*** EXERCISE DATA ***

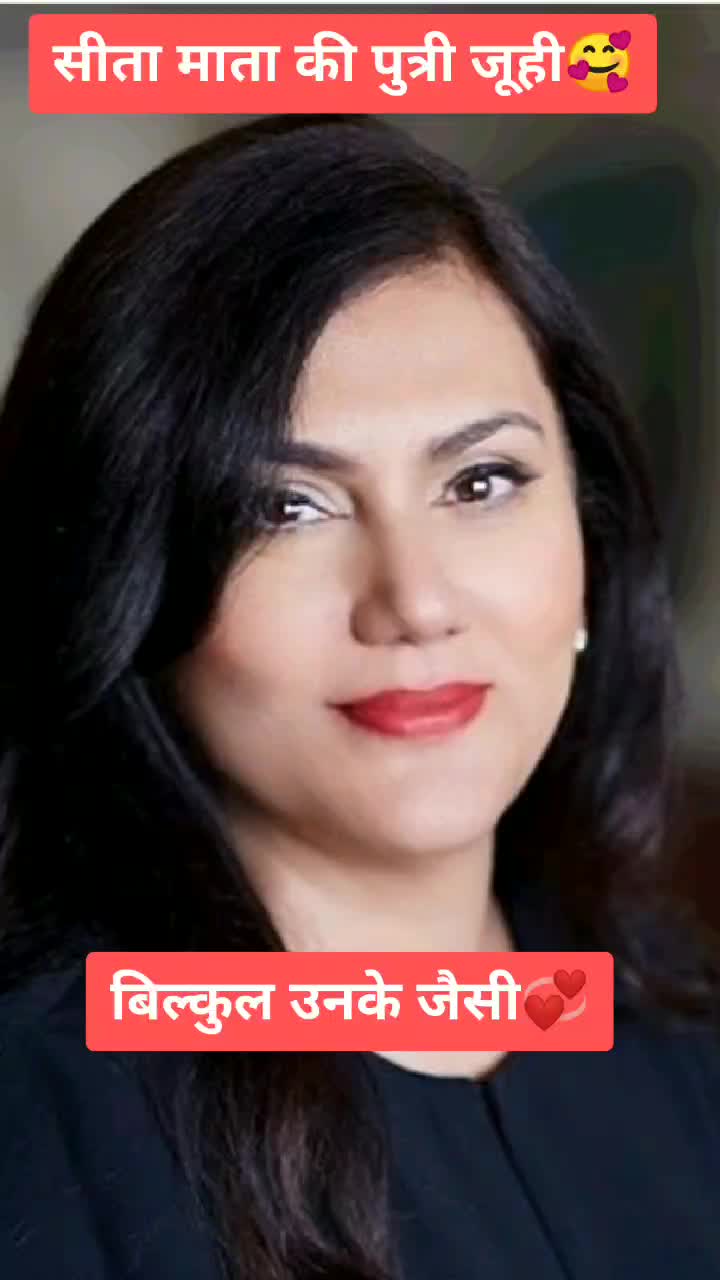 @💞🥰Reenu🥰💞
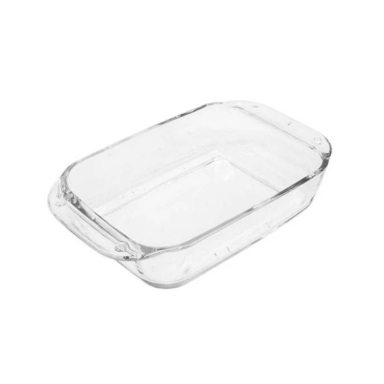 ظرف پخت بلور کاوه مدل پاتریس 19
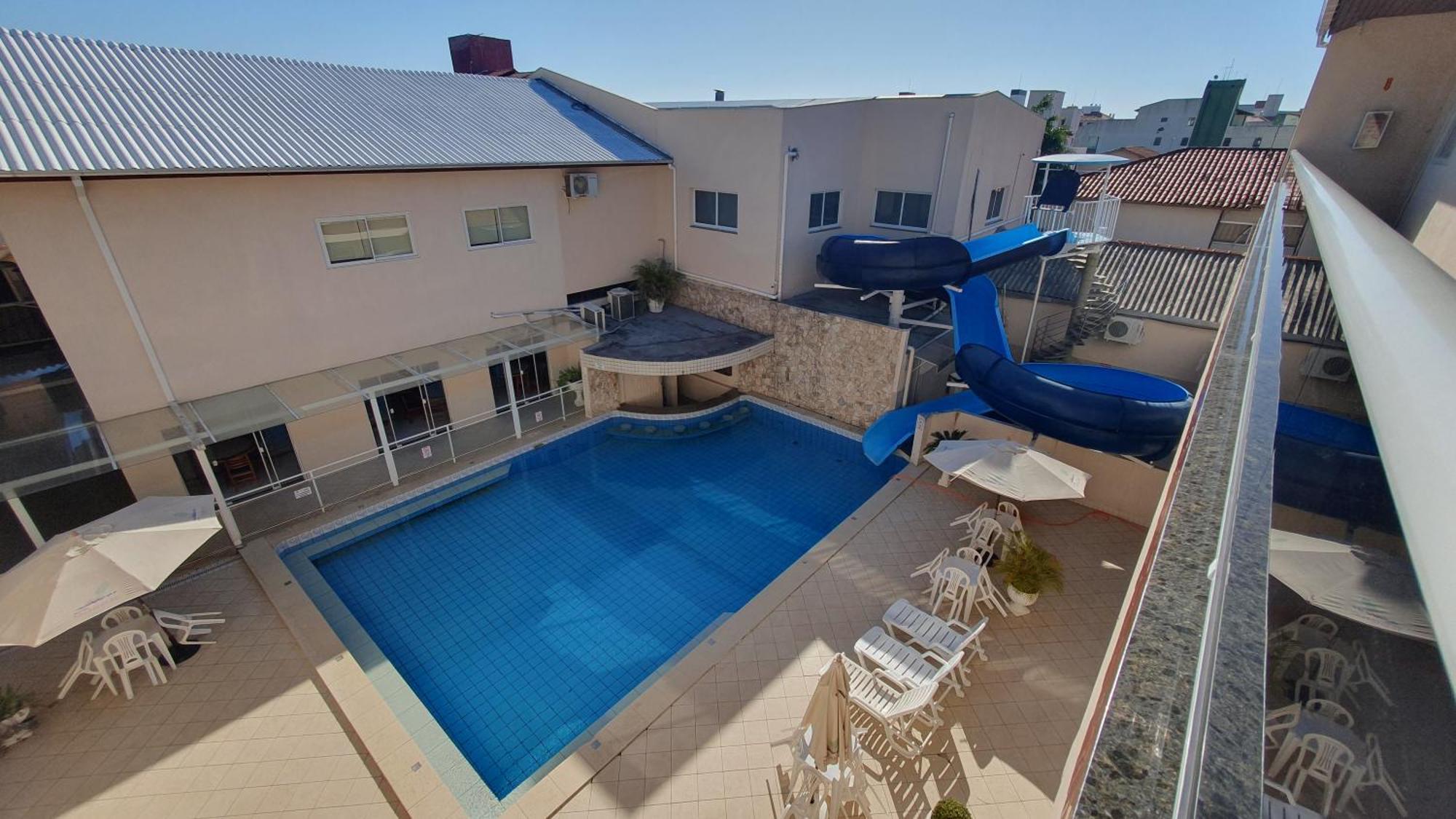 Tropicanas E Eventos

***

WHAT TO PRODUCE: Exclude the images, then output the data above word for word.

SOLUTION:
 @💞🥰Reenu🥰💞
 ظرف پخت بلور کاوه مدل پاتریس 19
 Tropicanas E Eventos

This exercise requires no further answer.